• [Data extracts]:

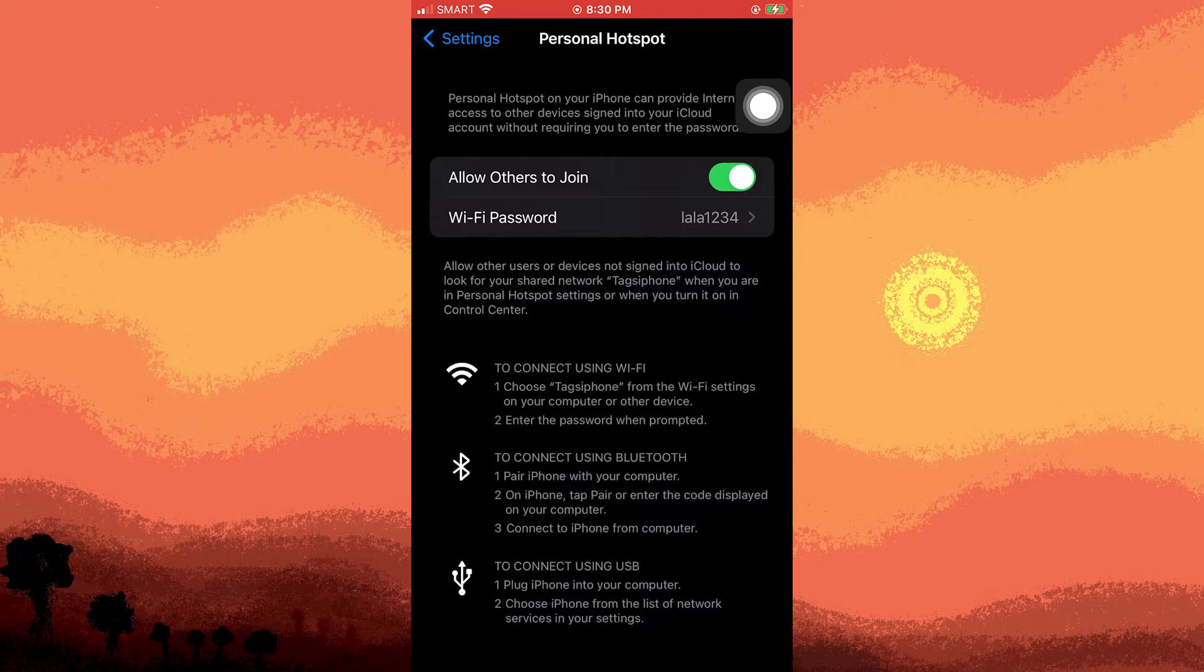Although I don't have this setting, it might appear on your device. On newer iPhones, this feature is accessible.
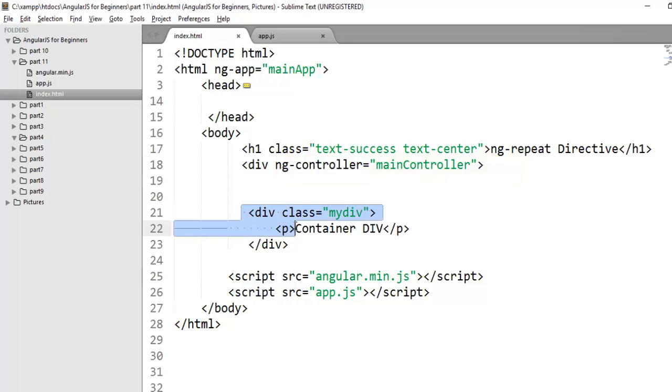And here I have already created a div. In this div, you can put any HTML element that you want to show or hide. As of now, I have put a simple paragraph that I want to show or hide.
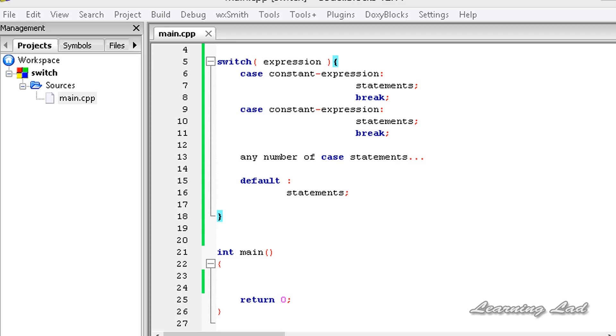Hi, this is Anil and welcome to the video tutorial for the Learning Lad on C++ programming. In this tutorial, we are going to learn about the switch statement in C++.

--

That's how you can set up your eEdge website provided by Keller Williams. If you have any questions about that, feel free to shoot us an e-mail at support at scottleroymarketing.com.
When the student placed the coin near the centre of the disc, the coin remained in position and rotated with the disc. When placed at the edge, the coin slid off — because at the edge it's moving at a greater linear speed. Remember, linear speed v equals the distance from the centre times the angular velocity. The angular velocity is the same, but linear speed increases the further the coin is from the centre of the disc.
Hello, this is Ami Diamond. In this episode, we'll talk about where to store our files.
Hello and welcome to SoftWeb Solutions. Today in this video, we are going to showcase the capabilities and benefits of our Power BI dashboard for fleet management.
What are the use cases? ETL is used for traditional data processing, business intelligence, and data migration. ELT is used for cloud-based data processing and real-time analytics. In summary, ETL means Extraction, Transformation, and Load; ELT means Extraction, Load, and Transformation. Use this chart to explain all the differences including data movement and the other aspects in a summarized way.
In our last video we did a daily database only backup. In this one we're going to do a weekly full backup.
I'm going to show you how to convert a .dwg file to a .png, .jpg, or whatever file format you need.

• [Aim of the exercise]: Line for line, output the entries above from the line with "Although I don't" to the line with "Hi, this is", both included, and nothing more. Skip pictures.

• [Result of the task]:
Although I don't have this setting, it might appear on your device. On newer iPhones, this feature is accessible.
And here I have already created a div. In this div, you can put any HTML element that you want to show or hide. As of now, I have put a simple paragraph that I want to show or hide.
Hi, this is Anil and welcome to the video tutorial for the Learning Lad on C++ programming. In this tutorial, we are going to learn about the switch statement in C++.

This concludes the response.